Dr. Grether: Yes, the maternal age effect is stronger in first-born than in later-born children. For a woman has had prior children, prior pregnancies may change the in utero environment in ways that affect her fetus differently than is typical for a women of the same age having her first child. Or perhaps the effect of toxic exposures from the environment is different, depending on the reproductive history of a woman giving birth for the first time compared with one who has given birth before.
My guess is that when we have the answers to all the questions raised by our study and others that have addressed the question of a parental age effect, we will see that both delayed childbearing and age-related biological changes contribute to the higher risk for older parents. But until the research is conducted, we won't know. A recent letter to the editor in the American Journal of Public Health by some colleagues basically said, and I fully agree, that studies, including ours, have consistently established a parental age effect. Now it is time to move on and figure out why.[2]
Medscape: Do you see prenatal screening anytime in the future?
Dr. Grether: No. I don't think we are close to having prenatal screening. In the meantime, as a society, we need to work through the deep ethical issues involved. Our current best understanding is that autism spectrum disorders are at one end of a human continuum, raising complex questions about the kind of society we want to fashion as science changes and the possibilities for medical interventions increase.
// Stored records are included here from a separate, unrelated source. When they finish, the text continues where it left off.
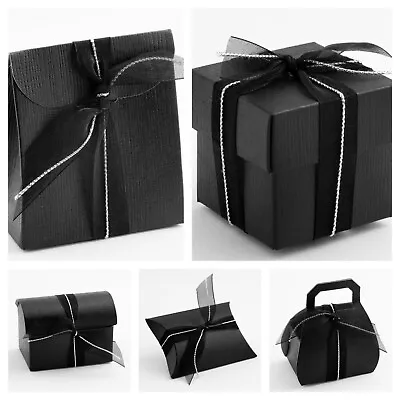 $4.89 • Buy Black Silk Wedding Party Favour Gift Boxes For Sweets, Wax Melts - Box Only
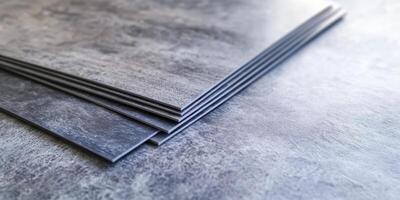 Multiple layers of textured gray panels stacked on a flat surface in a well-lit workspace setting photo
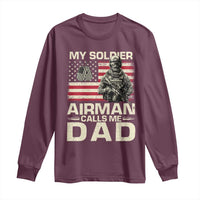 Proud Air Force Dad Long Sleeve Shirt My Soldier Airman Calls Me Dad US Flag - Wonder Print Shop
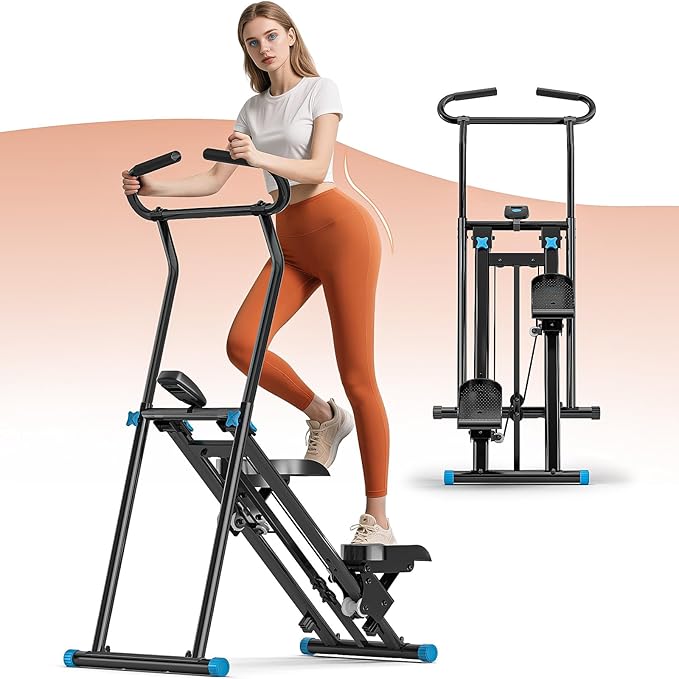 Stair Stepper for Home Gym, 350lbs Vertical Climber Machine with LCD Display, Non-Slip Pedals & 350lb Capacity Compact Folding Cardio Exercise Climber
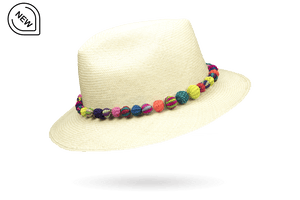Genuine Ladies Panama Hat trendy straw Pom Pom Trim brim 7cm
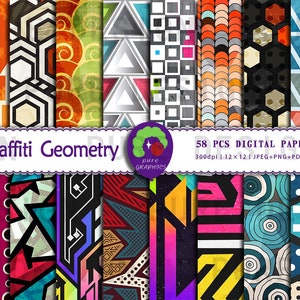 Pode incluir: 58 papéis digitais com padrões geométricos em uma variedade de cores, incluindo vermelho, azul, verde, amarelo, preto e branco. Os papéis são de 12x12 polegadas e 300 dpi. O texto "Graffiti Geometry" está na parte superior da imagem.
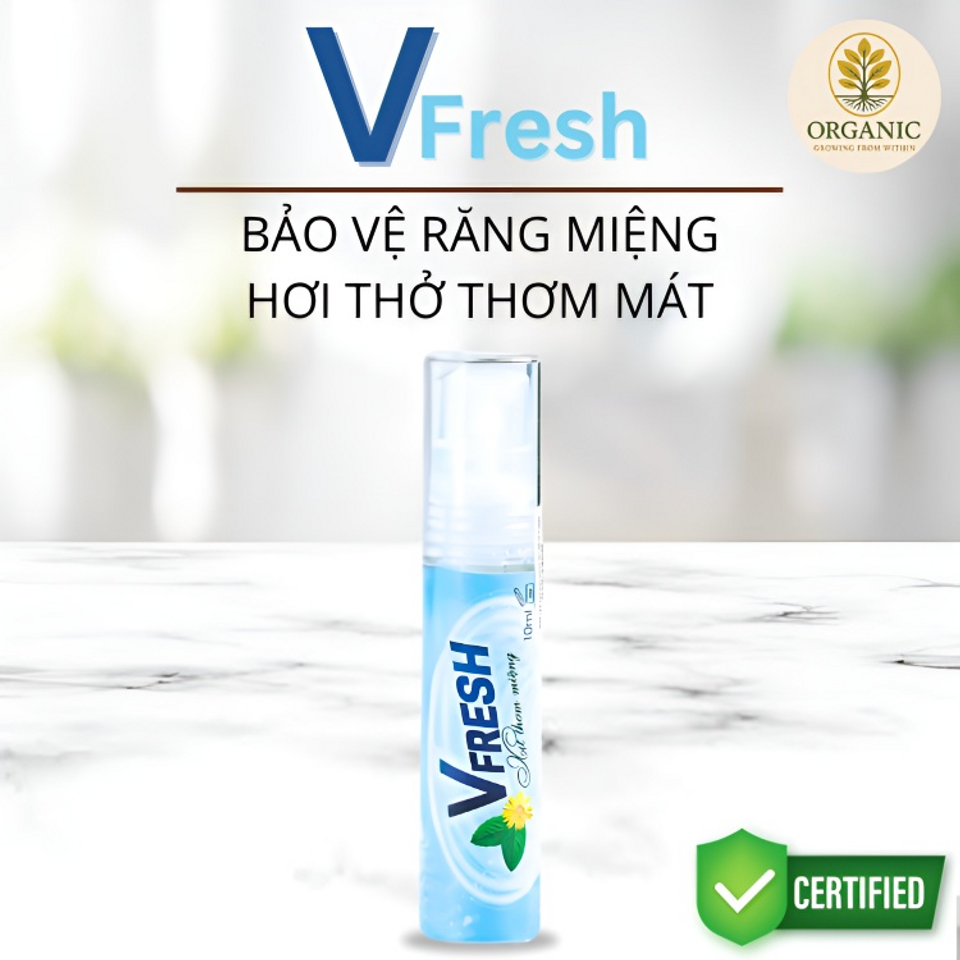 Xịt thơm miệng Vfresh Thảo Mộc Bạc Hà - Giải Pháp Hơi Thở Tươi Mát, Tự Tin Giao Tiếp Mọi Lúc Mọi Nơi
Medscape: Just as an aside, our news group covered the Lancet article that retracted the study associating autism with vaccinations. Do you have any thoughts on this and the problem of convincing fearful parents to immunize their children?
Dr. Grether: It has always surprised me how many people confuse the various concerns that have been raised regarding childhood immunizations and risk for autism. The Lancet retraction focused on the MMR [measles, mumps, and rubella] vaccination and the allegations by a team of researchers in Great Britain about MMR playing a role in autism in some children. The MMR-autism connection has now been demonstrated to have been based on very shoddy, perhaps even falsified, evidence. There is no scientific basis that I am aware of for being concerned about MMR and autism. Another issue about vaccines is the thimerosal preservative that was included in multidose vials of some other childhood vaccines (thimerosal was not in the MMR vaccine). Here there have been many studies and no credible study has found a link between thimerosal exposure through vaccines and autism. In the United States, thimerosal exposure from vaccines is no longer an issue, except perhaps through some flu shots. The other concern that I have heard voiced is that the recommended childhood vaccine schedule now includes so many vaccines and that children are thereby being exposed to more antigens than previously. Although there are now more vaccines recommended for children, the total antigen exposure from today's vaccines is considerably less than in earlier years because of advances in vaccine composition. And compared to the sheer volume and diversity of antigens in a typical environment, the antigen dose received in vaccines is minor. While it is understandable that parents, and perhaps some clinicians, have raised the alarm about vaccines, I am not aware of any credible evidence to support these concerns.
Medscape: To conclude, and I think you really answered this already, do your results have any implications for personal decision-making or clinical practice?
Dr. Grether: You know, I wish they did, but I really don't think that they do at this point. The increase in risk that comes with older parents is really quite modest and we don't know what is behind it. I think the main benefit of our study and other similar ones is to alert us to an important etiologic clue, and it is now time to find out what is going on.